Paul van Dyk i Ferry Corsten na 128 bpm
Jeszcze kilka lat temu coś podobnego było nie do pomyślenia. Dwóch z czterech najsławniejszych trancowców na świecie nagrywają muzykę w prędkości 128 bpm? Corstenowi to się już, owszem, zdarzało – choćby płyta „L.E.F” była skokiem w bok od trance’u, zdarzały się tam stosunkowo wolne rzeczy.
Potem jednak Ferry powrócił do korzeni na jakiś czas. Teraz najnowsze kawałki tej dwójki znajdziecie w sklepach z empetrójkami w dziale z muzyką „progressive house”, tam gdzie numery Szwedzkiej Mafii czy Dirty South (gdzie się podział prawdziwy progressive house to już temat na osobną historię). Oba mają dokładnie 128 bpm – to mniej, niż do niedawna miały numery housowe, nie mówiąc o trancowych.

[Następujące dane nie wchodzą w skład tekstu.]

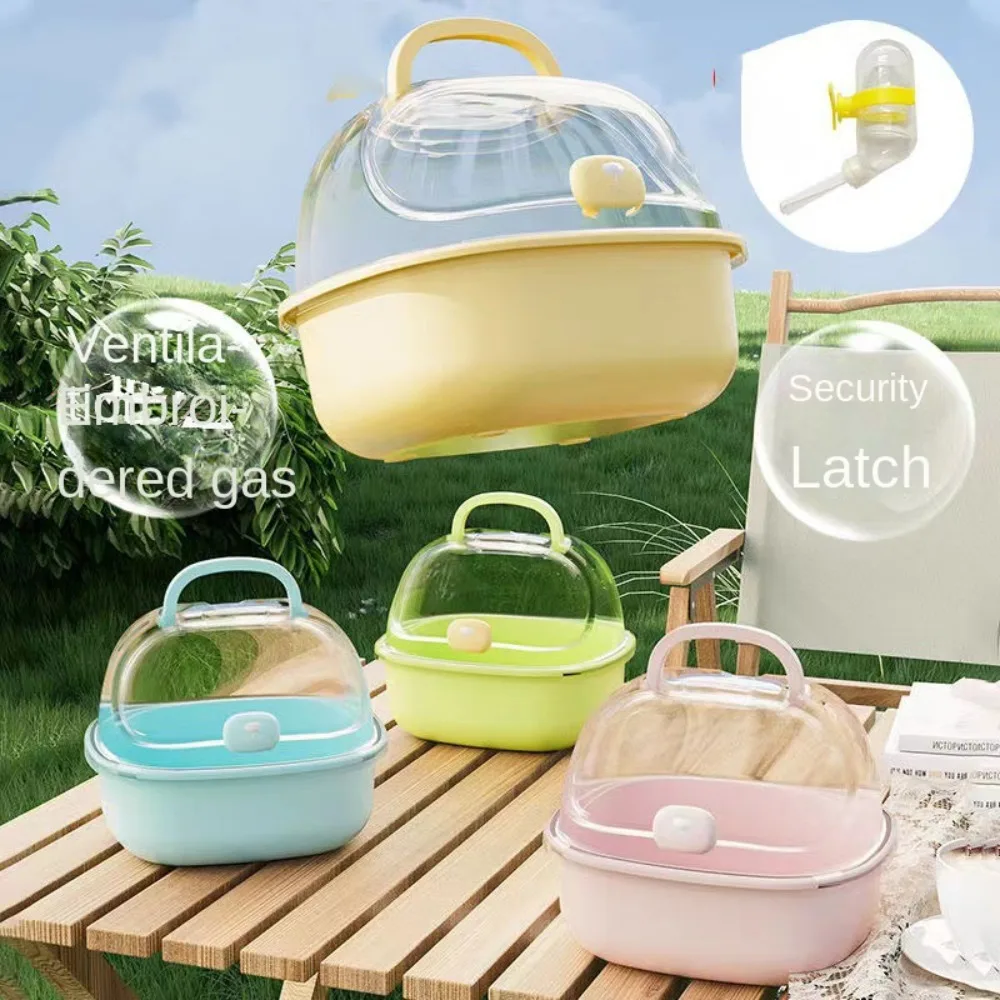 Portable Handheld Hamster Cage Sturdy Breathable Pet Carrying Box Large Space Travel Carrier Holder Pet House - Image 5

Nowy numer Corstena aż tak nie nie dziwi, poprzedni zapowiadający nowy album „Feel It” był dość podobny. Ferry nakręcił też teledysk, sprawdźcie poniżej. Z kolei najnowsza rzecz od Paula van Dyka to remiks dla Mobiego – dobra robota, nawet słychać tui PvD, ale brzmieniowo spore zaskoczenie, nie uważacie?